----- Data -----

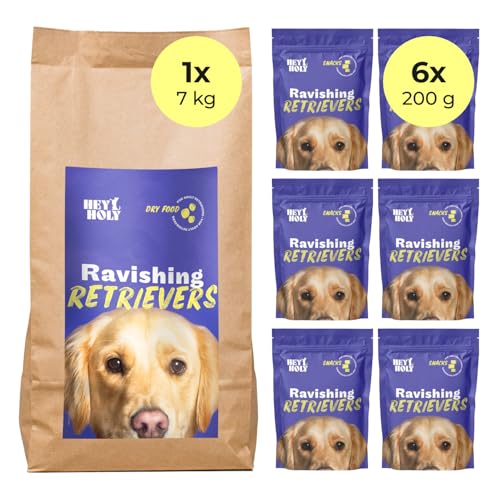 HEY HOLY Set 7 kg Trockenfutter & 6 x 200 g Snacks für Retriever 100% getreidefrei | Hundefutter & Leckerlis für ausgewachsene Retriever mit Lamm | Hochverträglich aus natürlichene Zutaten von HEY HOLY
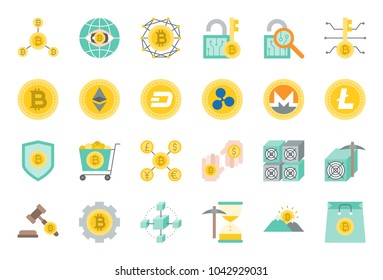 set of cryptocurrency, bitcoin and Altcoins, flat design icon
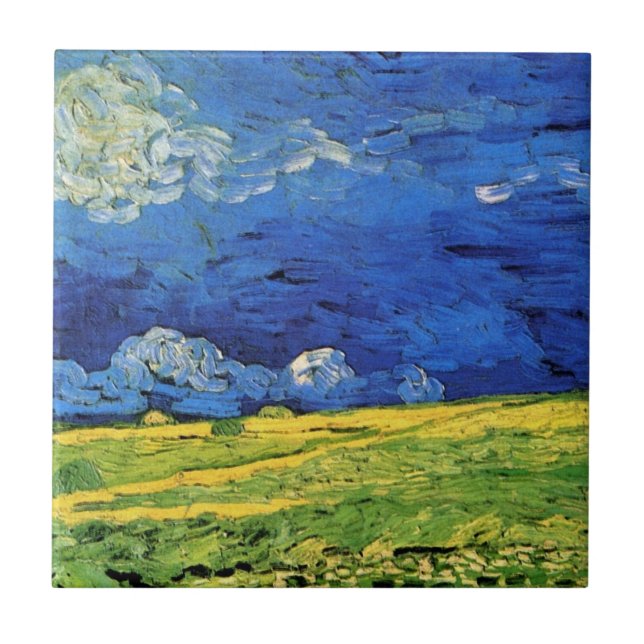 Carreau Champ de blé sous ciel nuageux par Vincent van Gog (Devant)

-----

The material must be returned exactly, with its pictures omitted.

Response below
 HEY HOLY Set 7 kg Trockenfutter & 6 x 200 g Snacks für Retriever 100% getreidefrei | Hundefutter & Leckerlis für ausgewachsene Retriever mit Lamm | Hochverträglich aus natürlichene Zutaten von HEY HOLY
 set of cryptocurrency, bitcoin and Altcoins, flat design icon
 Carreau Champ de blé sous ciel nuageux par Vincent van Gog (Devant)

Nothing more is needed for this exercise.